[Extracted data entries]
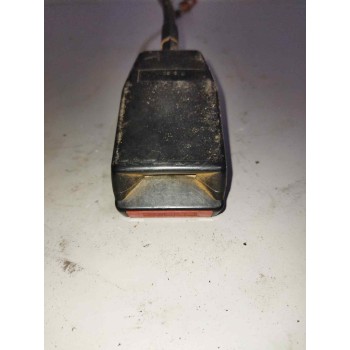 Recambio de enganche de cinturon delantero derecho para renault b 90 - 35 / 50 / 60 referencia OEM IAM  PARTE CENTRAL 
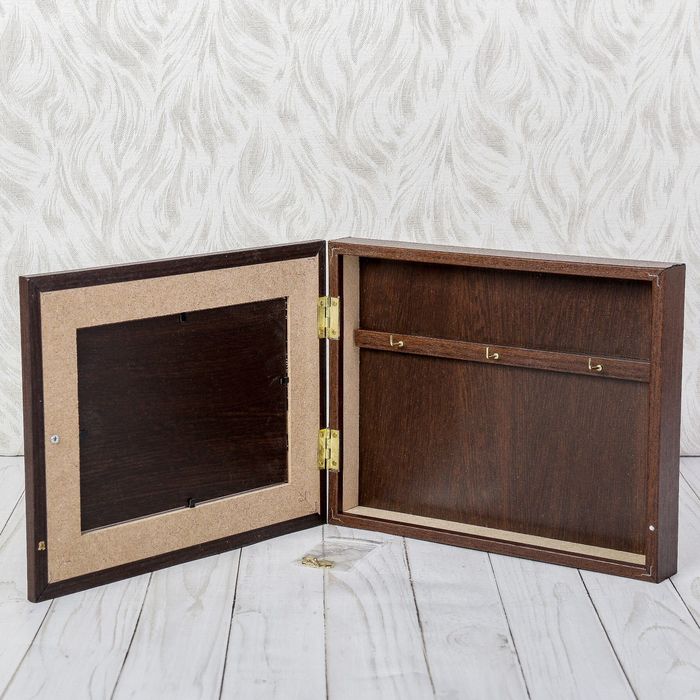 Ключница "Амстердам", венге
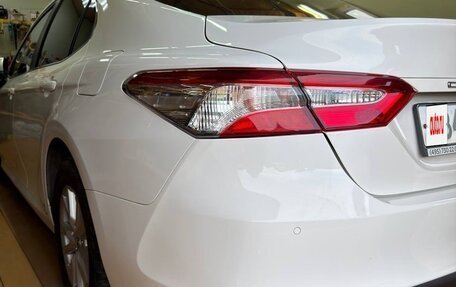 Toyota Camry, 2019 год, 2 900 000 рублей, 6 фотография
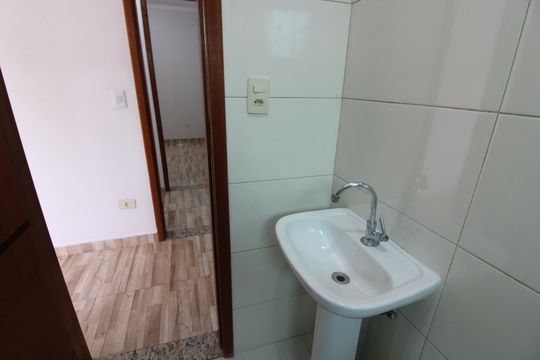 Banheiro da Suíte 1 de casa de condomínio para alugar com 2 quartos, 51m² em Vila Ré, São Paulo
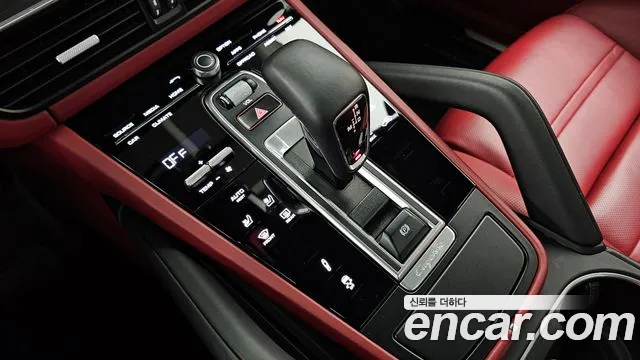 Porsche Cayenne 2021 — фото 9
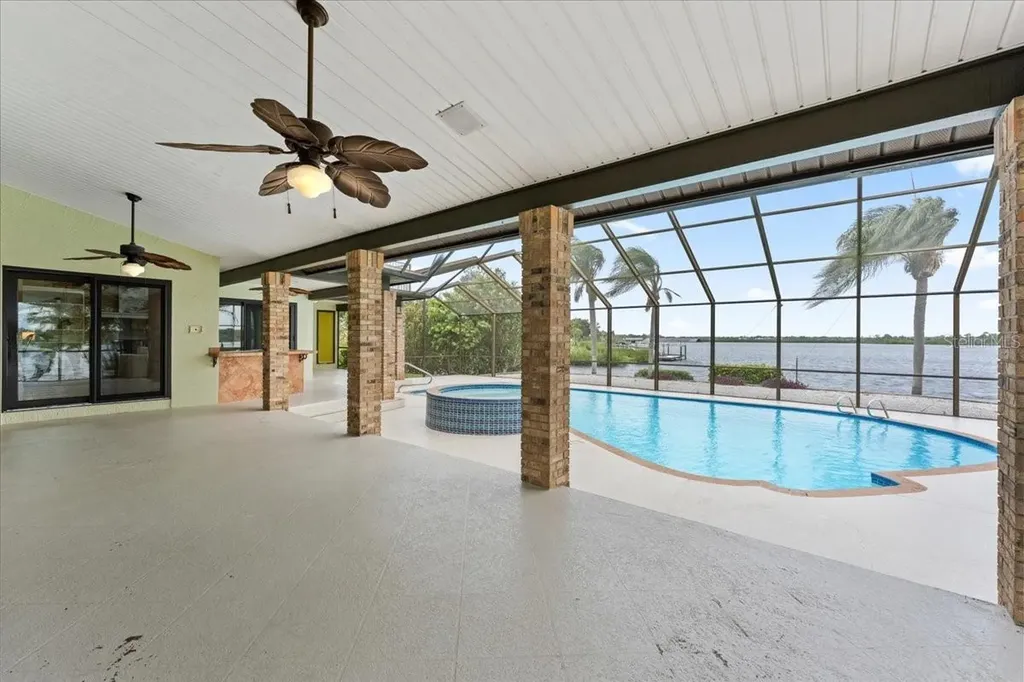 1589 Mary Lane Tarpon Springs FL 34689
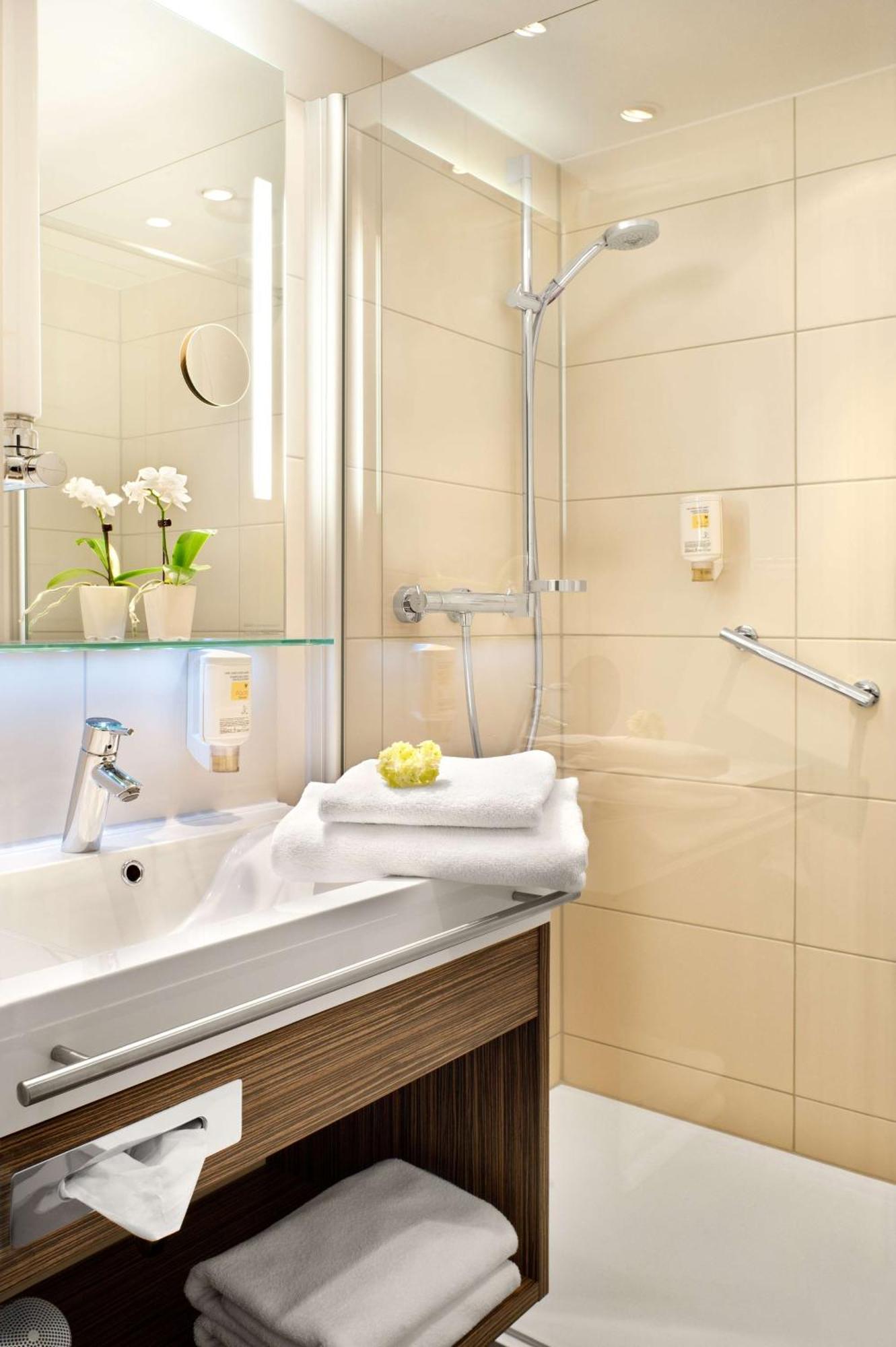 Best Western Hotel Favorit Лудвигсбург Екстериор снимка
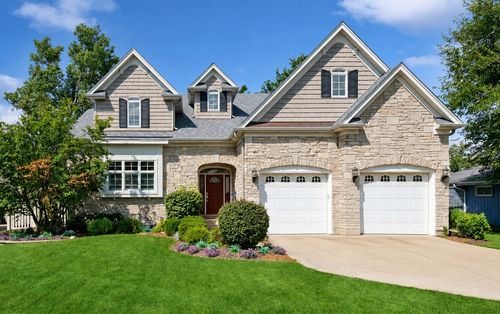 415 Ranch Rd, Wheaton, IL, 60187-3251 | Card Image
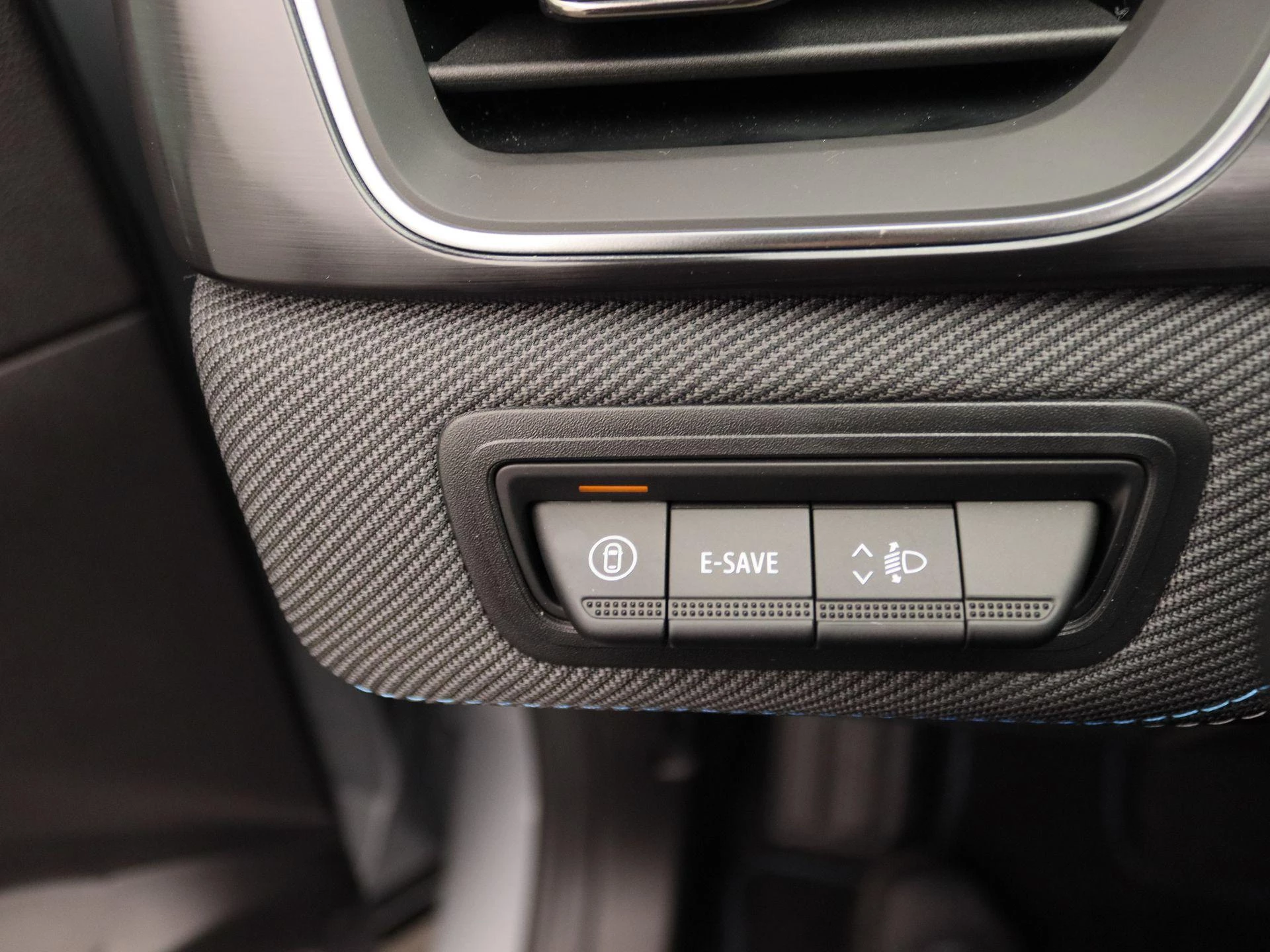 Renault-Captur-image-21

EXERCISE INSTRUCTIONS: Return the full set of lines above word for word and with no pictures.

RESULT:
 Recambio de enganche de cinturon delantero derecho para renault b 90 - 35 / 50 / 60 referencia OEM IAM  PARTE CENTRAL 
 Ключница "Амстердам", венге
 Toyota Camry, 2019 год, 2 900 000 рублей, 6 фотография
 Banheiro da Suíte 1 de casa de condomínio para alugar com 2 quartos, 51m² em Vila Ré, São Paulo
 Porsche Cayenne 2021 — фото 9
 1589 Mary Lane Tarpon Springs FL 34689
 Best Western Hotel Favorit Лудвигсбург Екстериор снимка
 415 Ranch Rd, Wheaton, IL, 60187-3251 | Card Image
 Renault-Captur-image-21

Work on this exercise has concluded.